■ AIM OF THE EXERCISE
Within the entries below, find each line containing the word "sunrise" and copy it.

■ THE DATA
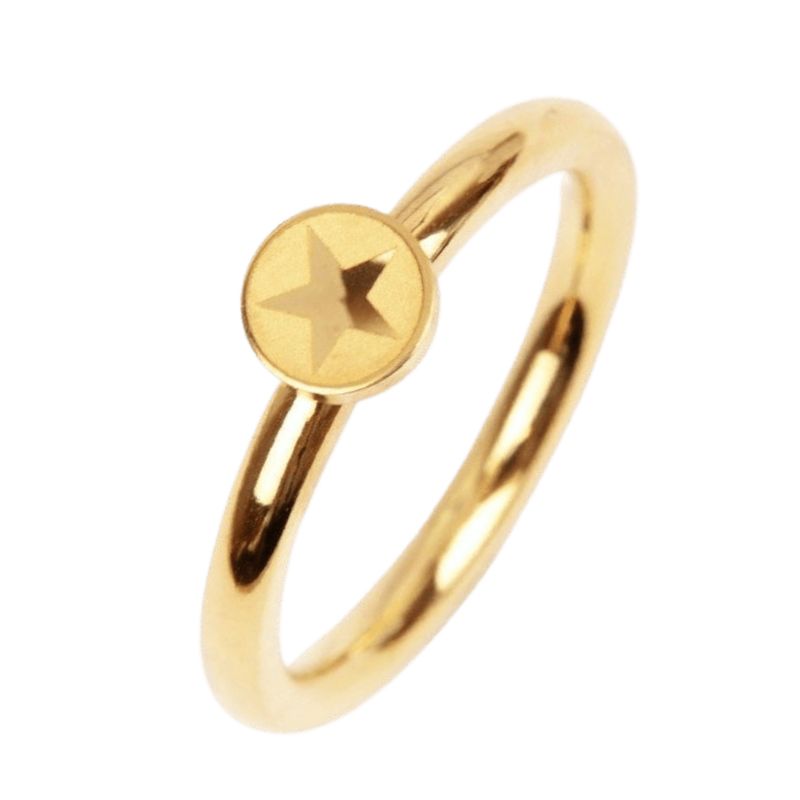 Ring mit Stern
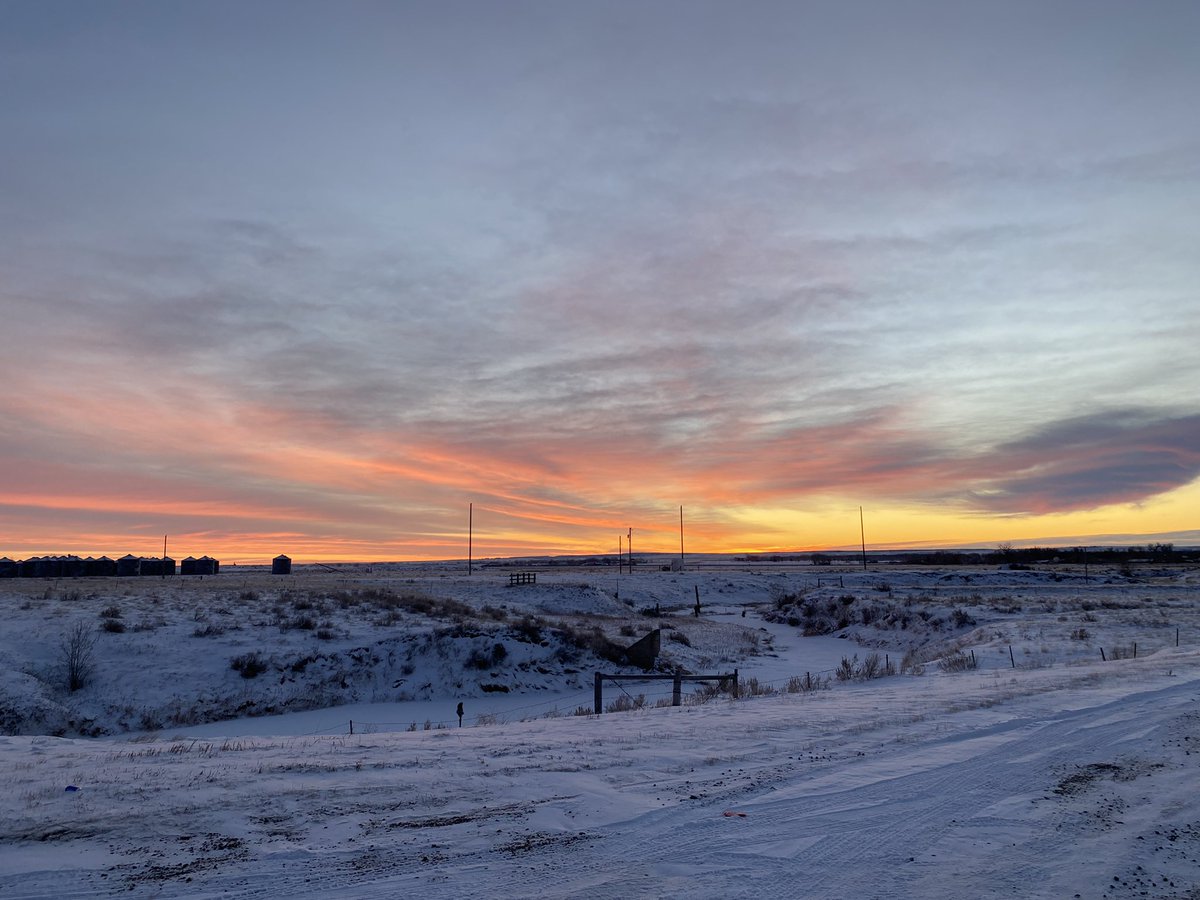 TrooperTEvans's tweet photo. 📸 12/23/21
☀️Northeast MT sunrise 

#Montana #sunrise #nofilterneeded https://t.co/pdRxe6nY7g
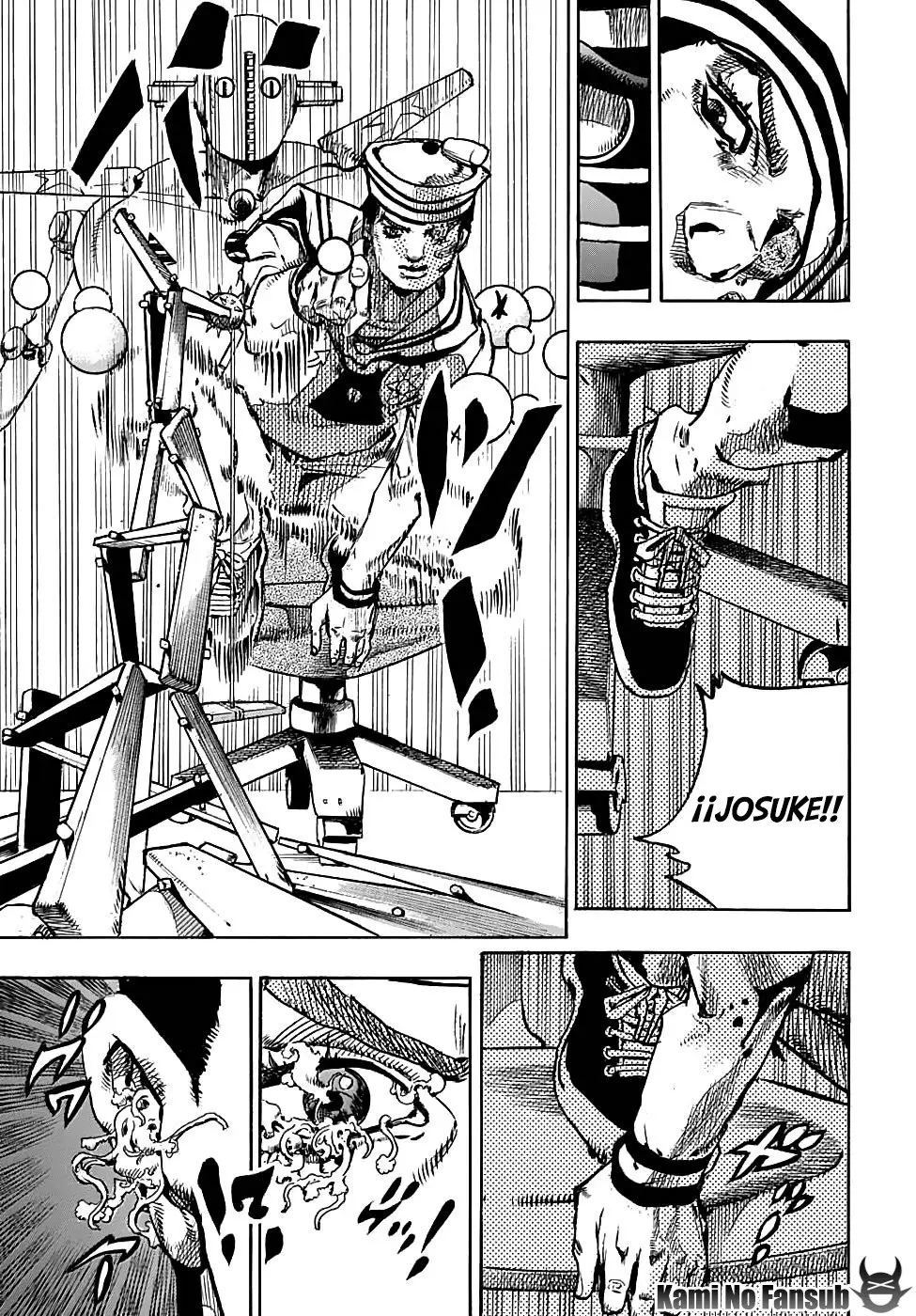 JoJo's Bizarre Adventure - Parte 8: JoJolion capítulo 99, página 29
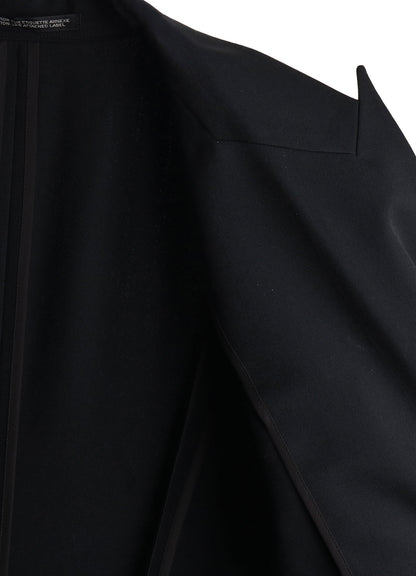 GABARDINE B TRIANGLE POINT JACKET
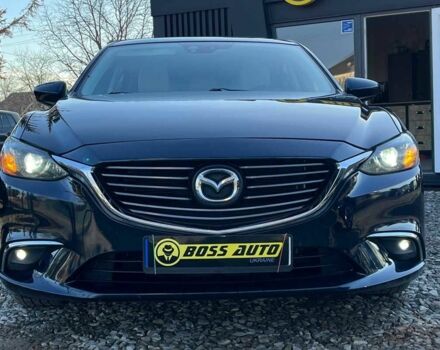 Синий Мазда 6, объемом двигателя 2.5 л и пробегом 140 тыс. км за 12999 $, фото 1 на Automoto.ua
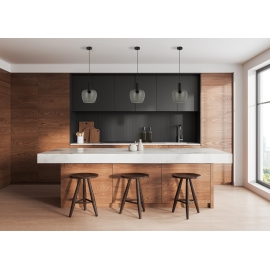 Lampa wisząca Aprica PND-59769-BK-SG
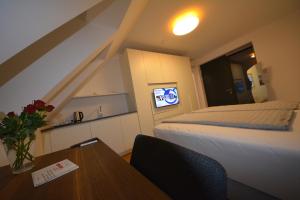 Letto o letti in una camera di wohnanders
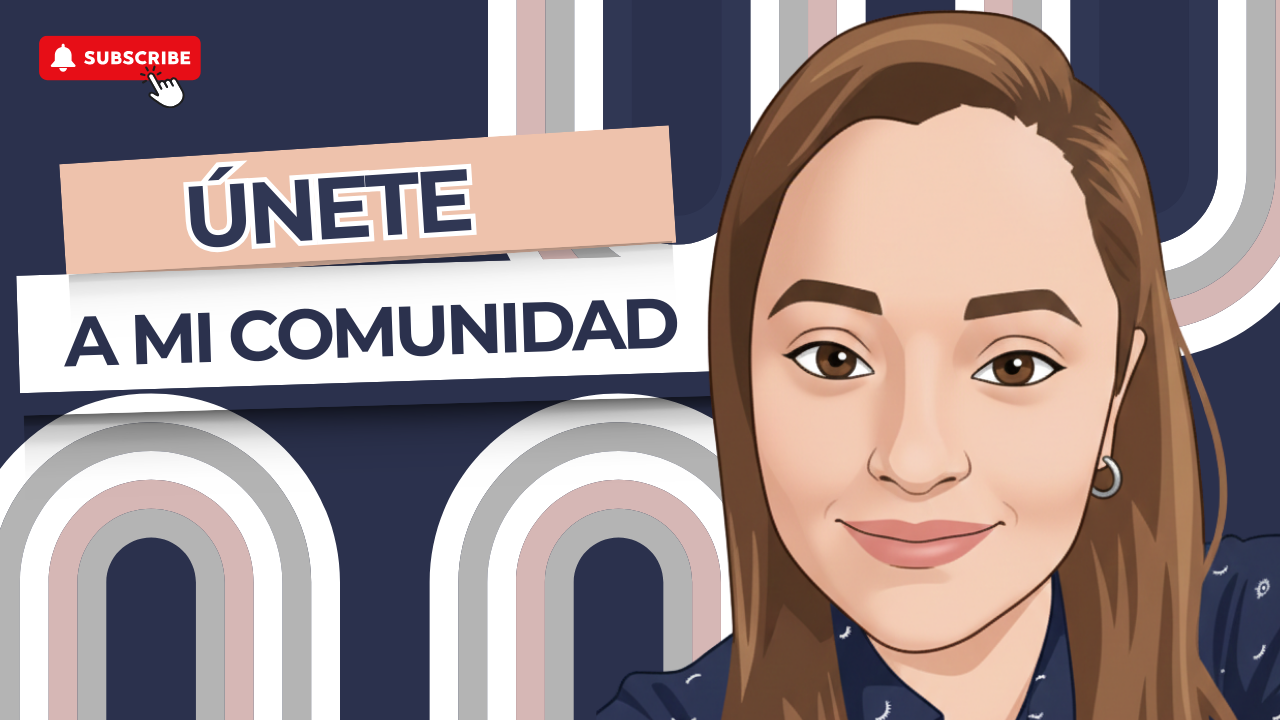 Únete a mi Comunidad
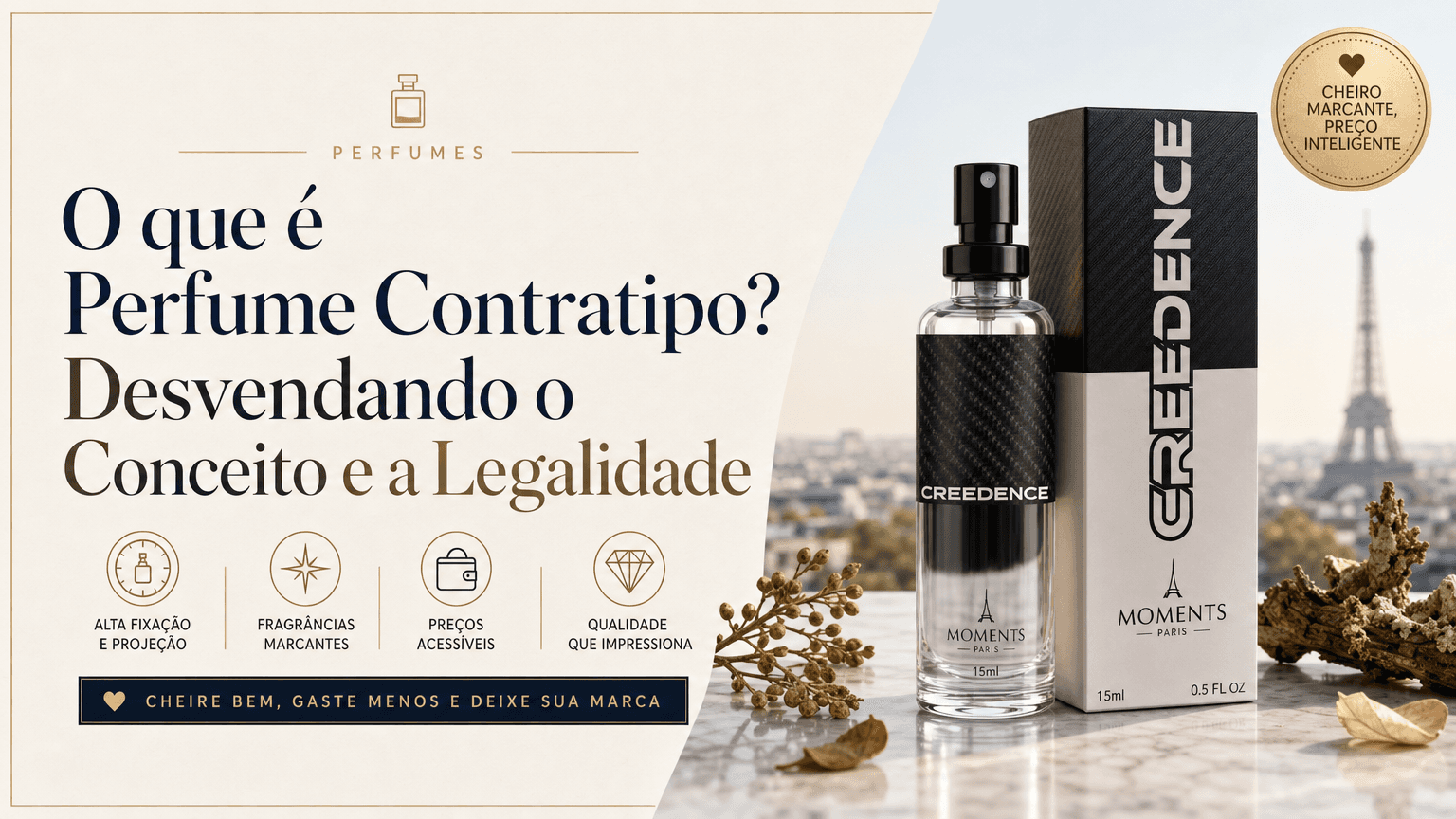 O que é Perfume Contratipo? Desvendando o Conceito e a Legalidade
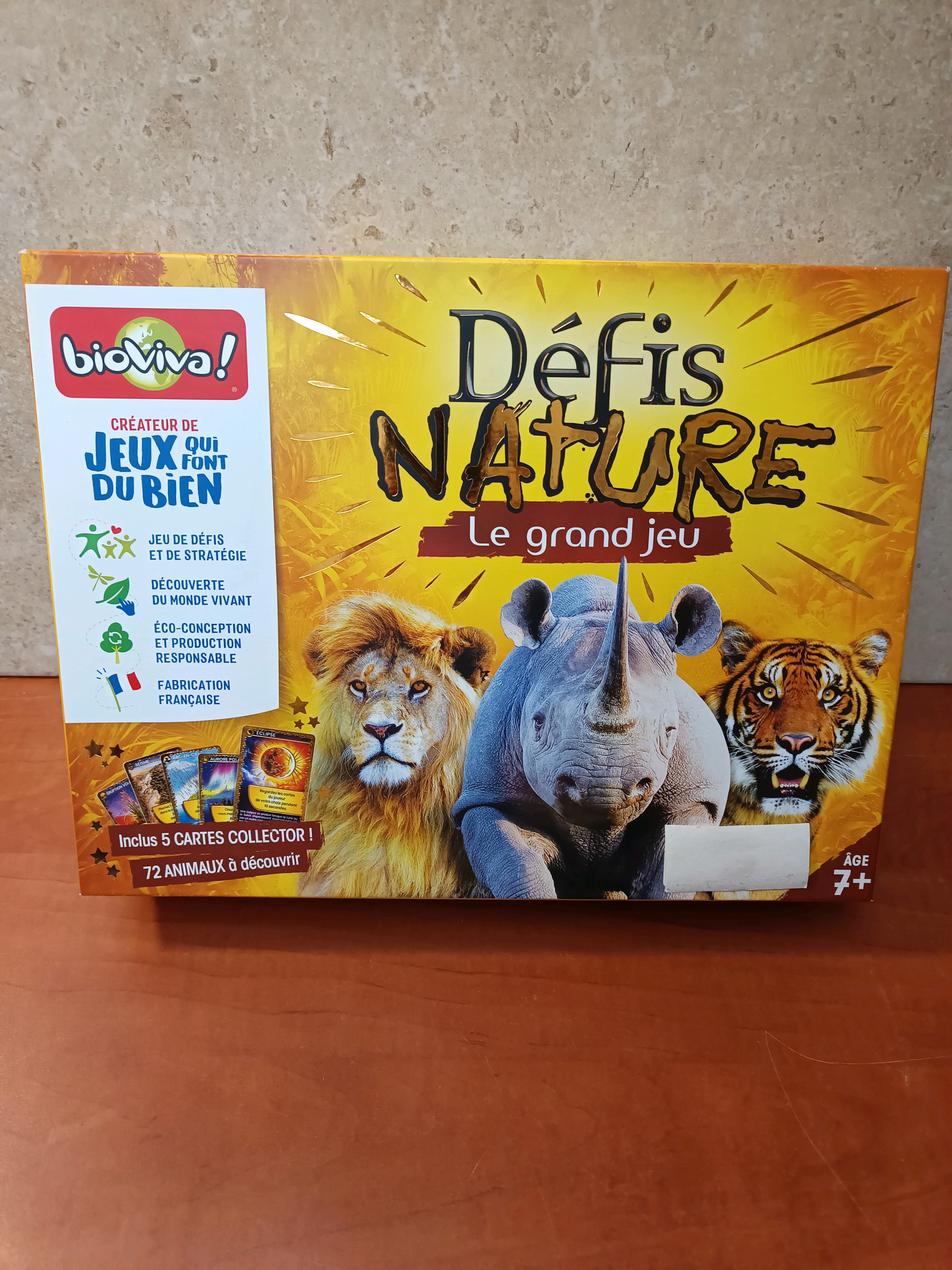 Bioviva! Défis Nature - Le grand jeu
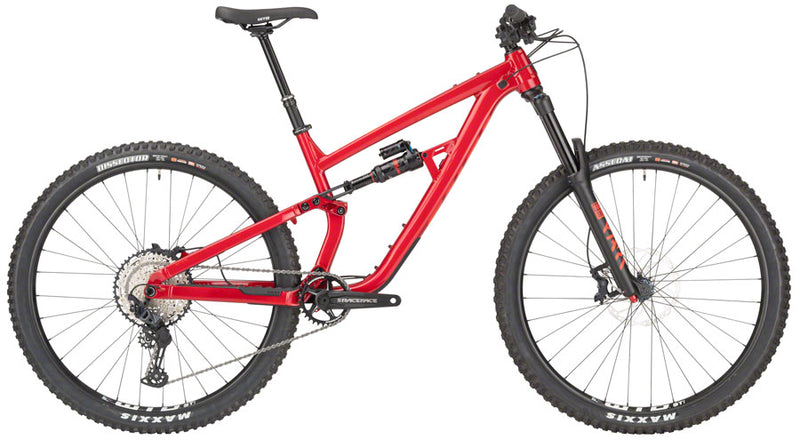 Salsa Blackthorn SLX Bike - 29", Aluminum, Red, X-Large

■ RESULT OF THIS EXERCISE
☀️Northeast MT sunrise 
#Montana #sunrise #nofilterneeded https://t.co/pdRxe6nY7g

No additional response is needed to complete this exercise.